Big data’s concept was put forward on this basis.
Big data’s completeness can achieve complex tasks that only people could do in the past, such as Google’s driverless car is a good example.
The driverless car is essentially a robot, which has not been done by academia all over the world for decades.
In 2004, economists also thought that drivers were one of several industries where computers were difficult to replace people.
Of course, they didn’t come to this conclusion out of thin air. In addition to analyzing the technical and psychological difficulties, they also looked at the results of the self-driving car rally organized by DARPA, when the top self-driving car took hours to drive eight miles and then broke down.
But it took Google just six years to complete the seemingly impossible task of self-driving cars.
Why can Google do this in a short time?
The most fundamental reason is to adopt a different way of thinking from previous scientists-to turn the robot problem into a big data problem.

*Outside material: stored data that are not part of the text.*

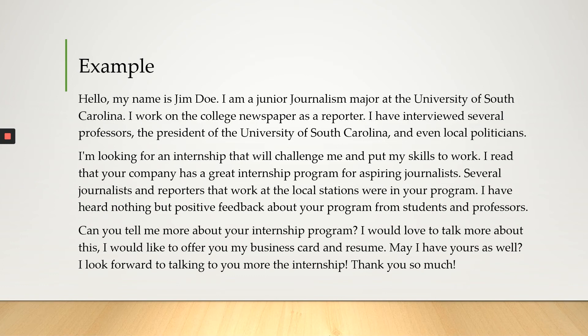I've interviewed several professors, the president of the University of South Carolina, and even local politicians. I'm looking for an internship that will challenge me and put my skills to work.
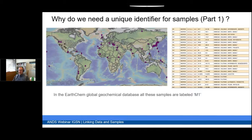This webinar is about the International Geosample Number, IGSN, and it will discuss how it is used, its structure, its governance model, and the underlying technology.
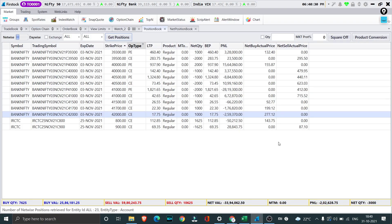Hi everyone, welcome to another video by Optionables. My name is Saket and today in this video we are going to review the trades taken on Friday which is 29th of October 2021.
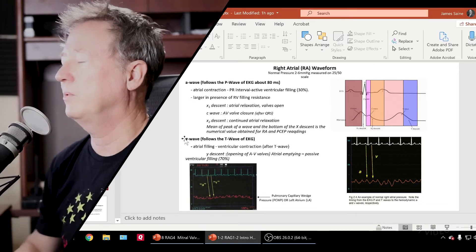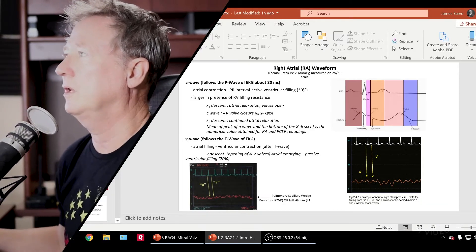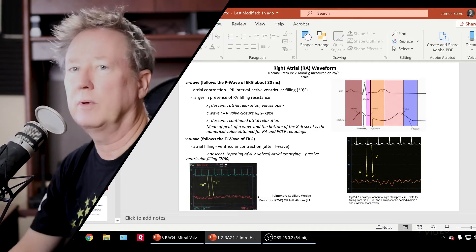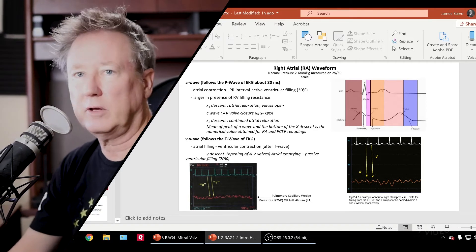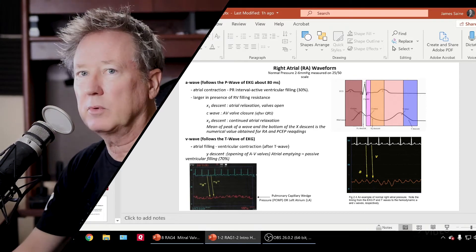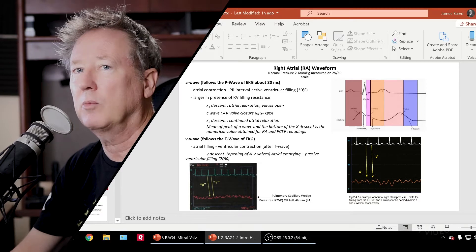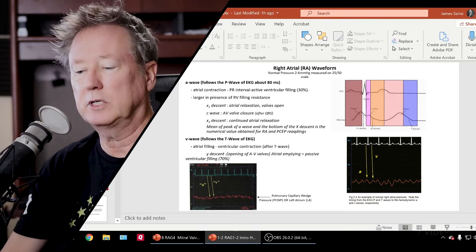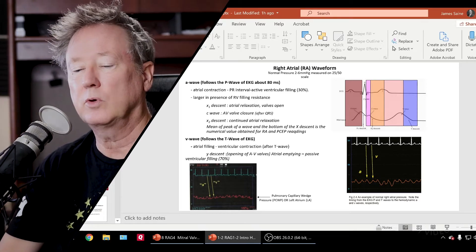Here is an example of a right atrial waveform. There are similar characteristics between a right atrial waveform, a left atrial waveform, and a pulmonary capillary wedge pressure.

First of all, the self-driving car project is an extension of the Google Street View project. The Google self-driving car can only go where it “sweeps the street”. When driving to these places, it knows the surrounding environment very well, which is the power of big data’s completeness.
In the past, self-driving cars developed in those research institutes had to identify targets temporarily wherever they went, which is the way how people think.
Secondly, Google’s self-driving car is equipped with more than a dozen sensors and scans dozens of times per second, which not only exceeds what people call “keep sharp eyes and keen ears/ be observant and alert”, but also accumulates a lot of data and has an accurate understanding of local road conditions and vehicle driving patterns under different traffic conditions. Computers learn these “experiences” much faster than people, which is big data’s multi-dimensional advantage.
These two points are not available in the academic circles in the past, and relying on them, Google can realize the automatic driving of the car in a very short time.
The importance of big data lies in that it is not only a technical means, but also a way of thinking, which can be seen from the word Big Data itself.
Big and Large both mean big in English, but why doesn’t big data call her Large Data?
There is a slight difference between the words Big and Large. Large is relatively specific, meaning large, for example, a large table (alargetable), and Big is a relatively abstract concept, which corresponds to small and large.
Big Data is more of a way of thinking.
It breaks the practice that when we do things in the past, we must know the cause first and then the result according to causality. Instead, we find the result directly through big data’s analysis and find the cause in turn.
Today, many Internet companies’ products are developed based on this idea, such as Google search results ranking, advertising recommendations, Amazon and Taobao product recommendations, and so on, which are based on the analysis of a large amount of user data (especially click data). As for the reasons, these companies do not care.
In the past 50 years, Moore’s Law (by 2015, exactly 50 years after Moore’s Law was proposed) has been the strongest driving force for the development of science, technology and economy in the world, because the entire information age has rebuilt every industry with semiconductor chips. and the process of spawning a lot of new industries.
In the next two decades, it will shift from the Moore era to the big data era, that is to say, whoever has the data is the king.
Behind this, the fundamental driving force is the use of information to eliminate all kinds of uncertainty.
The importance of big data lies in that it is not only a technical means, but also a methodology, that is to say, we must abandon the mechanical way of doing things that rely on rules and emphasize causality in the past, and become a way of using information to solve problems.